In investigating the market-based theory, this study will use data from the Nigerian stock market. Thus,  the  market-based  theory  is  an  empirical  investigation  of  how  the  market  promotes economic growth. Market-based financial system tends to have a larger proportion of equity titles. It is characterised by firms being controlled by outsiders at arm’s length with an important role for asset prices determined on financial markets as disciplining devices for the management of  the  firm.  The  emergence  of  a  market-based  or  a  bank-based  financial  structure  has implications for the incentives of households and entrepreneurs to take risk and will thus affect

their saving and investment behaviour. Moreover, the different forms of financial relations have an impact on the commitments of debtor and creditor for instance in long-term projects and on the feasibility of adjusting investment plans according to changes in the economic environment.

The market-based theory highlights the positive role of markets in promoting economic success (Beck and Levine 2000a). In particular, markets facilitate diversification and the customization of risk management devices. Furthermore, proponents of the market-based theory stress deficiencies in bank-based systems. First, by acquiring expensive information about enterprises, banks can extract large rents from firms. This reduces the incentives for firms to undertake high- risk, high-return projects because firms will lose an excessively large proportion of the potential profits to banks (Rajan 1992).
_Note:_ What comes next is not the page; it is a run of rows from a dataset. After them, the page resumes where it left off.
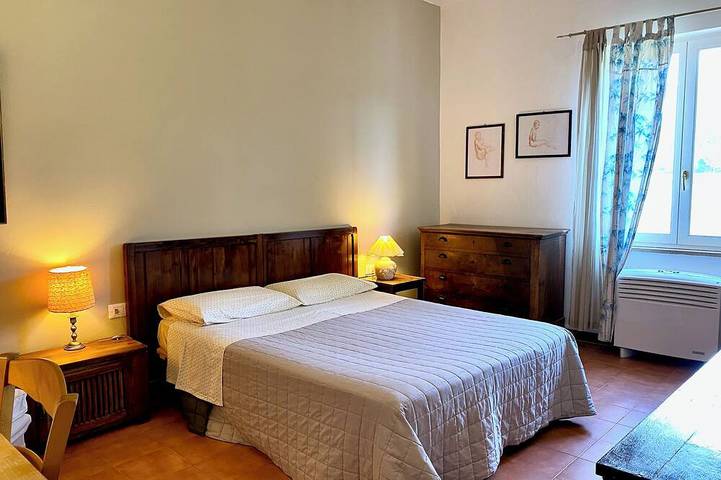 Appartement maison de campagne toscane, 10 min de la mer, avec clim et grand jardin. in Castagneto Carducci, Côte des Étrusques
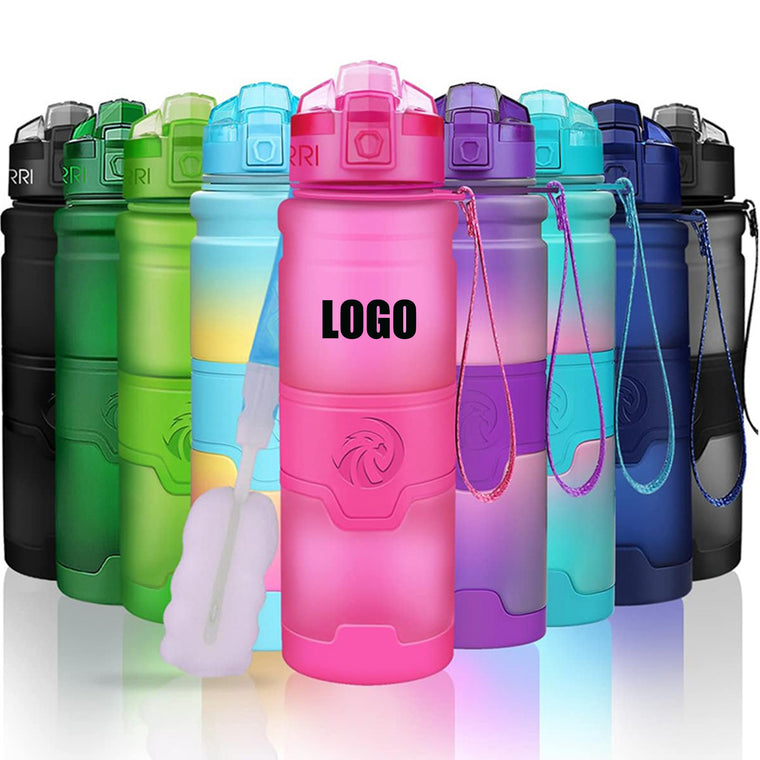 BPA-Free Sports Water Bottle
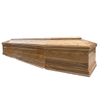 Modern Minimalist European Style Solid Wood Coffin Economical Coffins Supplier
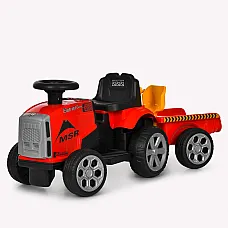 Дитячий електромобіль-трактор Bambi M 6346ER-3 Червоний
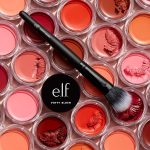 e.l.f. Putty Blush Brush, Vegan Makeup Tool, Flawlessly Applies Putty & Cream Formulas, Creates Airbrushed Effect 1 Count (Pack of 1) - Image 4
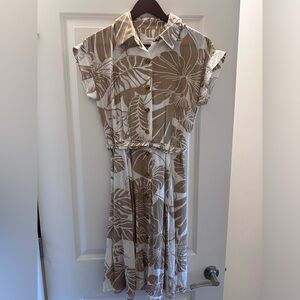 Women’s Calvin Klein Short Sleeve Dress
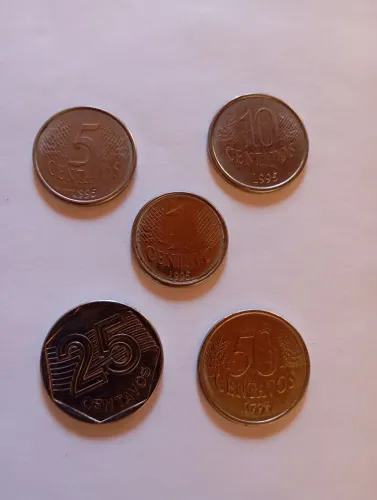Moedas Antigas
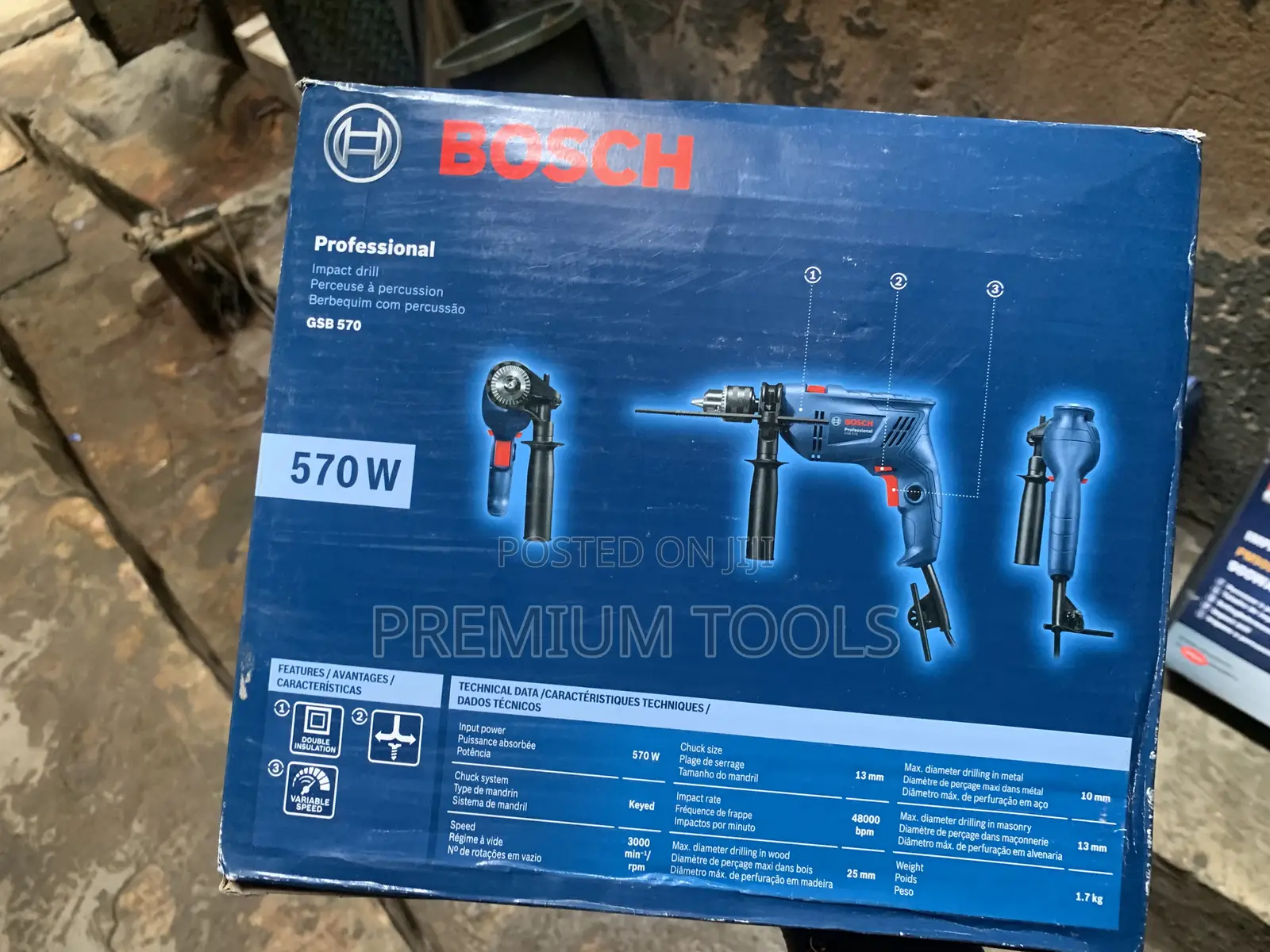 Bosch Electric Drill Original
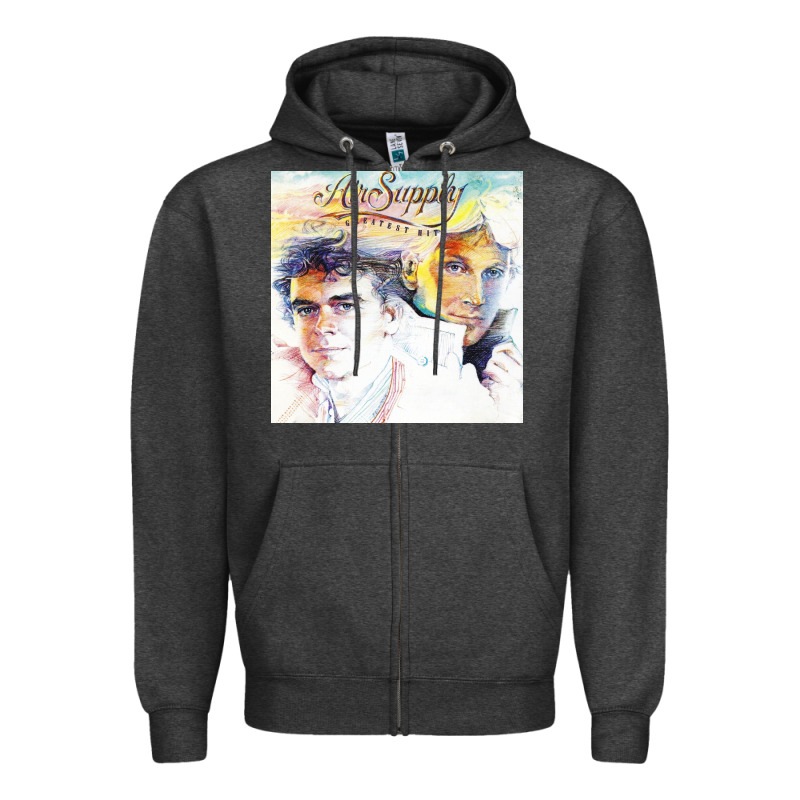 #air Supply Greatest Hits Tour 2022 Zipper Hoodie by linhVisuals | Teevron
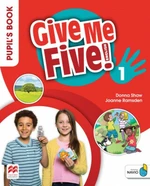 Give Me Five! Level 1. Pupil´s Book Pack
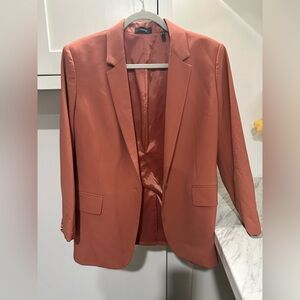 Theory Terracotta Blazer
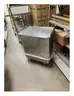 15&#x22; x 20&#x22; x 21&#x22; deep Stainless Steel Flour Bins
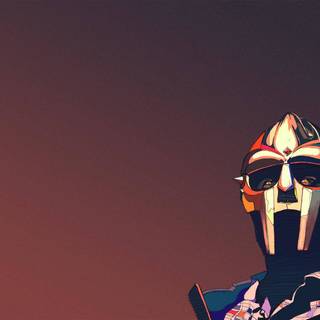 MF Doom PC wallpaper
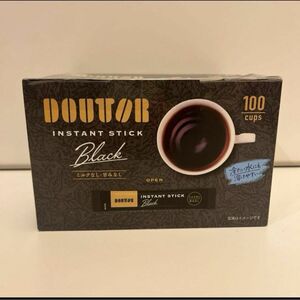 ドトール　スティック　ブラックコーヒー　100本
Second, since banks make loans, they have an inherent bias toward low-risk, and therefore, low- return projects. Thus, bank-based systems may retard innovation and growth (Morck and Nakamura 1999; Weinstein and Yafeh 1998). Furthermore, powerful banks may collude with firm managers against other investors, which stymies competition, effective corporate control, the emergence of new firms, and economic growth (Hellwig 1998).

Thus, proponents of the market-based theory stress that markets will reduce the inherent inefficiencies associated with banks and thereby enhance new firms formation, the ease with which  firms  and  industry attract  capital to  expand,  and  overall economic  growth.  Finally, proponents of market-based financial systems claim that markets provide a richer set of risk management tools that permit greater customization of risk ameliorating instruments. While bank-based systems may provide inexpensive, basic risk management services for standardized situations, market-based systems provide greater flexibility to tailor make products. Thus, as economies mature and need a richer set of risk management tools and vehicles for raising capital, they may concomitantly benefit  from a  legal and regulatory environment that  supports the evolution of market-based activities, or overall growth may be retarded.

Financial service theory

The financial service theory looks at the overall function of the financial system. This theory posits that it is the overall deepening of the financial system measured by the total financial instruments available in a financial system that promotes economic growth. In line with this

view, the study will use a conglomerate index of bank and market indicators to investigate the impact of financial instruments on economic growth.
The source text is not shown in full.